[Short descriptive text snippets]
######

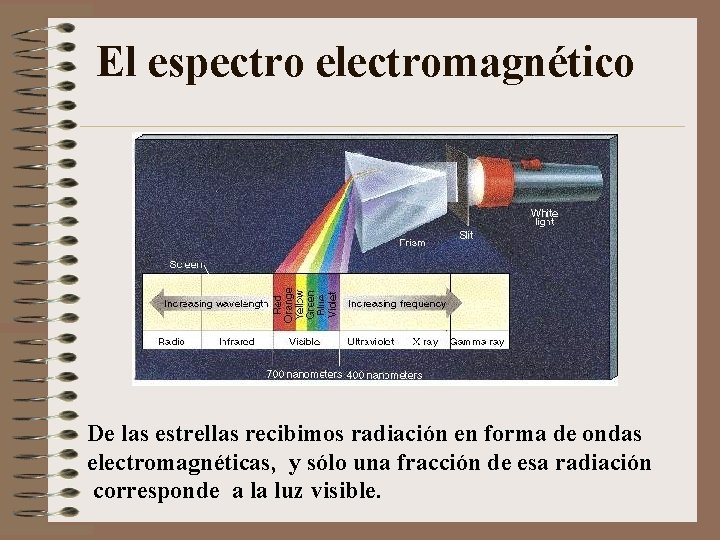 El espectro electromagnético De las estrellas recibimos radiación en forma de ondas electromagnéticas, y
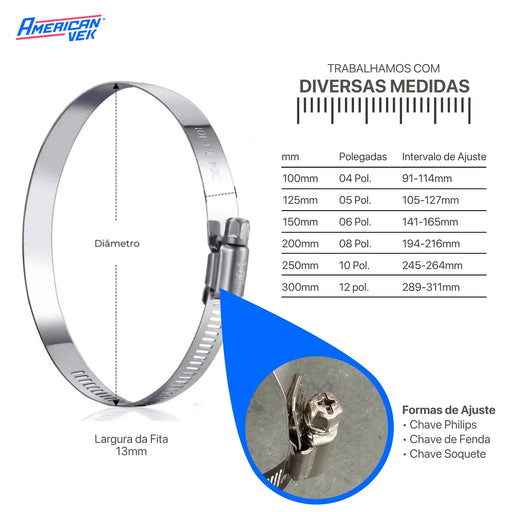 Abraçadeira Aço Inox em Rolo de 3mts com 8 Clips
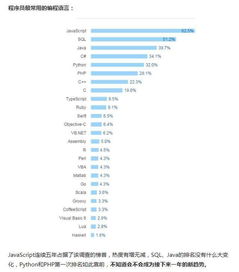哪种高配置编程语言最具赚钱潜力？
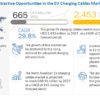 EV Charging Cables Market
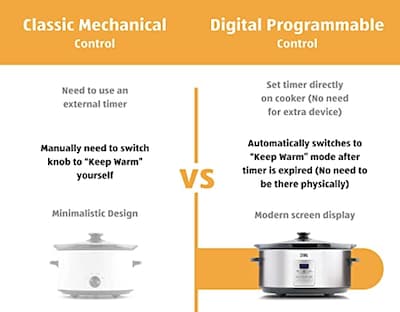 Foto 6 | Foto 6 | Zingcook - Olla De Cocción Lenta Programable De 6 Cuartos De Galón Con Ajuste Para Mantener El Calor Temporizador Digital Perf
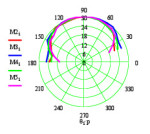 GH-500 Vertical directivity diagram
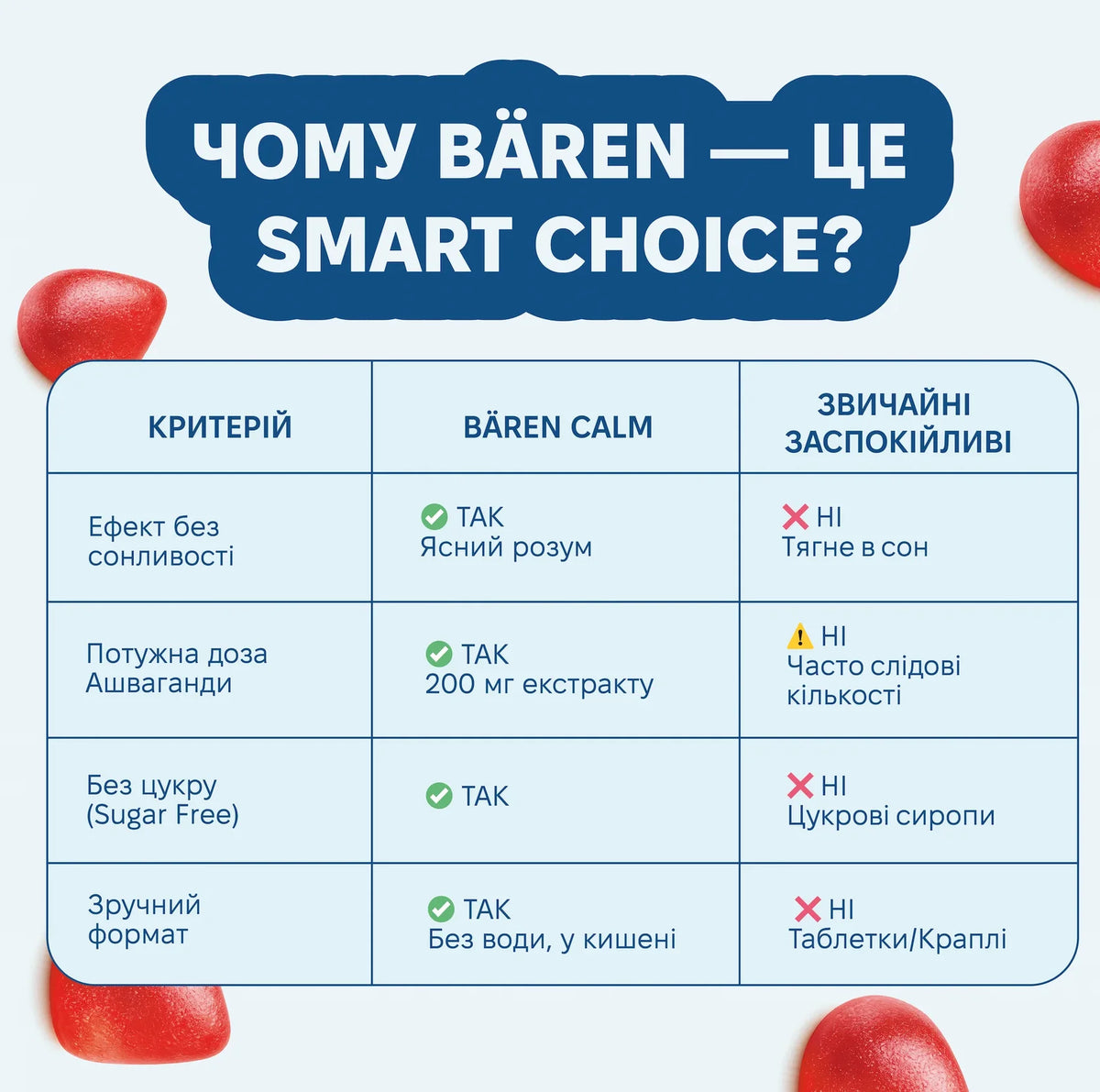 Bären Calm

######

TASK DESCRIPTION — Give the data again exactly, without pictures.

YOUR RESPONSE —
 El espectro electromagnético De las estrellas recibimos radiación en forma de ondas electromagnéticas, y
 Abraçadeira Aço Inox em Rolo de 3mts com 8 Clips
哪种高配置编程语言最具赚钱潜力？
 EV Charging Cables Market
 Foto 6 | Foto 6 | Zingcook - Olla De Cocción Lenta Programable De 6 Cuartos De Galón Con Ajuste Para Mantener El Calor Temporizador Digital Perf
 GH-500 Vertical directivity diagram
 Bären Calm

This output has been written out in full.